In what geographic areas did Management Recruiters expand its footprint through the acquisition of Temporary Alternatives?
Management_Recruiters Franchise · 2024 FDDAnswer from 2024 FDD Document
other new accounting pronouncements, issued or effective during the fiscal year, that are expected to have a significant impact on our financial statements and related disclosures.
Note 2 - Acquisitions
Business Combinations
Temporary Alternatives
On January 24, 2022, we completed our acquisition of certain assets of Temporary Alternatives in accordance with the terms of an Asset Purchase Agreement dated January 10, 2022, including three locations in West Texas and New Mexico for $7.0 million, inclusive of a prescribed amount of net working capital. Temporary Alternatives was a staffing division of dmDickason Personnel Services, a family-owned company based in El Paso, TX. The acquisition of Temporary Alternatives expanded our national footprint into West Texas and grow our franchise base.

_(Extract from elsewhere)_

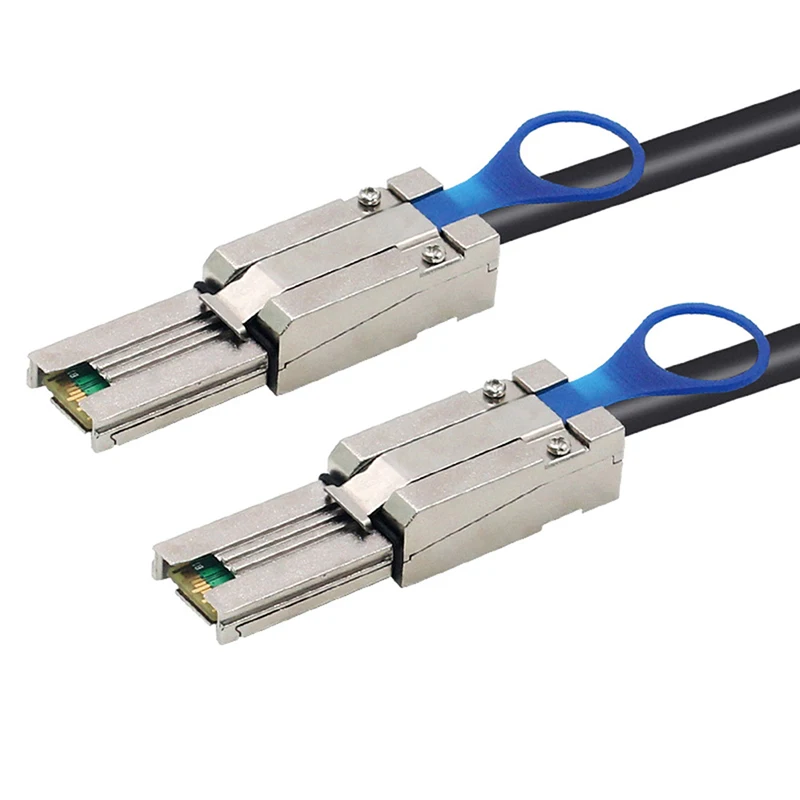 Mini SAS HD 26P 8088 to SFF-8088/SFF-8644 External Mini SAS to Mini SAS High Density HD SFF8088 SFF 8644 Data Hard Disk Cable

The fair values of the assets acquired were determined based on information available to us. From the date of acquisition through December 31, 2022, the fair value of assets acquired were adjusted in conjunction with a third-party val
Source: Item 21 — FINANCIAL STATEMENTS (FDD pages 65–66)
What This Means (2024 FDD)
According to Management Recruiters' 2024 Franchise Disclosure Document, the company expanded its national footprint into West Texas and New Mexico through the acquisition of Temporary Alternatives. The acquisition, completed on January 24, 2022, involved the purchase of certain assets of Temporary Alternatives, including three locations in these areas, for $7.0 million, inclusive of a prescribed amount of net working capital. Temporary Alternatives was a staffing division of dmDickason Personnel Services, a family-owned company based in El Paso, TX.
This acquisition allowed Management Recruiters to grow its franchise base and extend its presence into new geographic markets. The company determined the fair values of the acquired assets based on available information, with subsequent adjustments made through a third-party valuation and net working capital reconciliation. These adjustments included a decrease in customer lists of approximately $375 thousand, a decrease in accounts receivable of approximately $3 thousand, and the recognition of approximately $375 thousand of goodwill.
For a prospective franchisee, this acquisition demonstrates Management Recruiters' strategy of expanding its market reach through strategic acquisitions. It also highlights the importance of understanding the financial implications of such transactions, including the valuation of acquired assets and the potential for adjustments post-acquisition. The goodwill recognized from the acquisition represents the expected synergies, acquired workforce, potential new customers, and future cash flows, which are all factors that could benefit franchisees in the West Texas and New Mexico regions.